ENTRIES SHOWN:

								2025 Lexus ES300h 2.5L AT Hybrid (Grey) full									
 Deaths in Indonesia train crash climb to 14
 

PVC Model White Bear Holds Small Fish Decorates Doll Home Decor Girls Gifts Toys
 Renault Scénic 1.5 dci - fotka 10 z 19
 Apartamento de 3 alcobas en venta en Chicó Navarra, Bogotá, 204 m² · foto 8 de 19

TASK DIRECTIONS:
Return exactly, and only, the line containing "Renault Scénic 1.5 dci - fotka 10 z 19" and every line after it through the end of the material.

TASK RESPONSE:
 Renault Scénic 1.5 dci - fotka 10 z 19
 Apartamento de 3 alcobas en venta en Chicó Navarra, Bogotá, 204 m² · foto 8 de 19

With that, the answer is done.